同じく「RM 27-02」のベゼル、バックケースに用いられる切削母材。NTPT®カーボンとクォーツTPT®を積層させたニューマテリアルである。1枚の母材からベゼルとバックケースを削り出すため、そのペアリングは厳密に管理されているようだ。

最新作「RM 27-02」のミドルケース。地板部分が一体化された構造で、素材にはNTPT®カーボンを用いる。140ものツールコンテナを備えた5軸CNCを駆使するだけでなく、5万rpmもの超高速スピンドルと大量のオイル冷却を併用する。

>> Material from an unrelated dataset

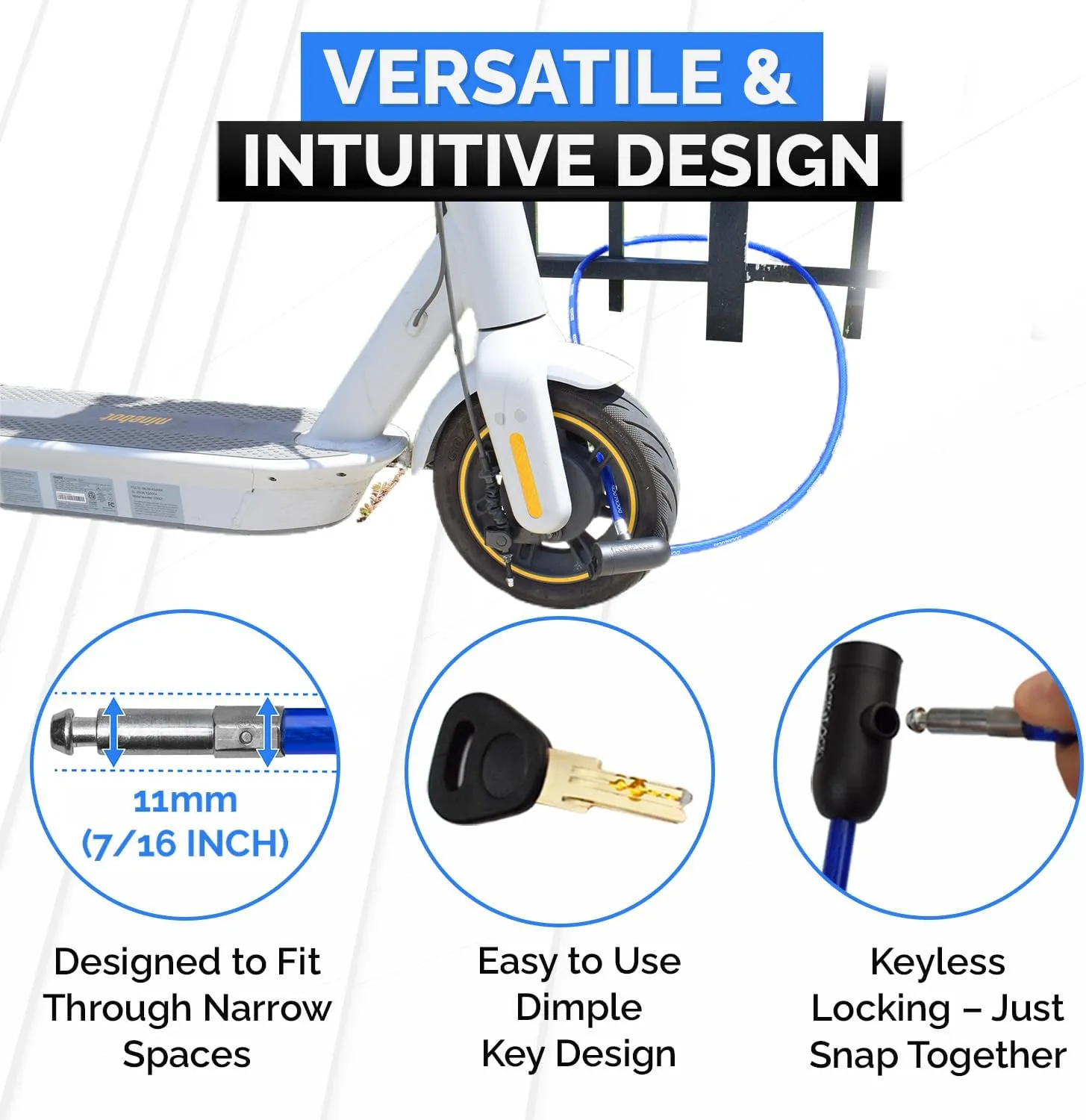 Weatherproof Security Cable Lock with Keys (5ft to 25ft Lengths) Anti-Theft for Kayak, Bike, Paddleboard, Scooter, Equipment, Bicycle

 また、約1年前に新規導入されたという接点センサーを用いるQCも厳格。ケースの仕上がりチェックならば100分の1ミリ単位が普通だが、プロアートではムーブメントパーツと同様に、1000分の1ミリ単位でチェックする。そのチェック箇所は、ベゼル1枚で100箇所にのぼる。最終的には、工房にひとりしかいないというフィニッシャーの手仕上げを経て、特殊素材のケースは完成へと至るのだ。

プロアートで製作されたケースは、すべてオロメトリーに運ばれてケーシングされる。写真はケーシングに入っていた「RM 56-02」のサファイアクリスタル製ケース。これはプロアート製ではないが、リシャール・ミルを象徴するモデルのひとつだ。

切削が終了した「RM 27-02」のベゼル。約1年前に導入された接点センサーを用いて、寸法と穴位置、穴径をX、Y、Zの3点座標でチェックする(光学チェックも併用)。チェック箇所はベゼル1枚で100箇所、検査精度は1/1000mm単位だ。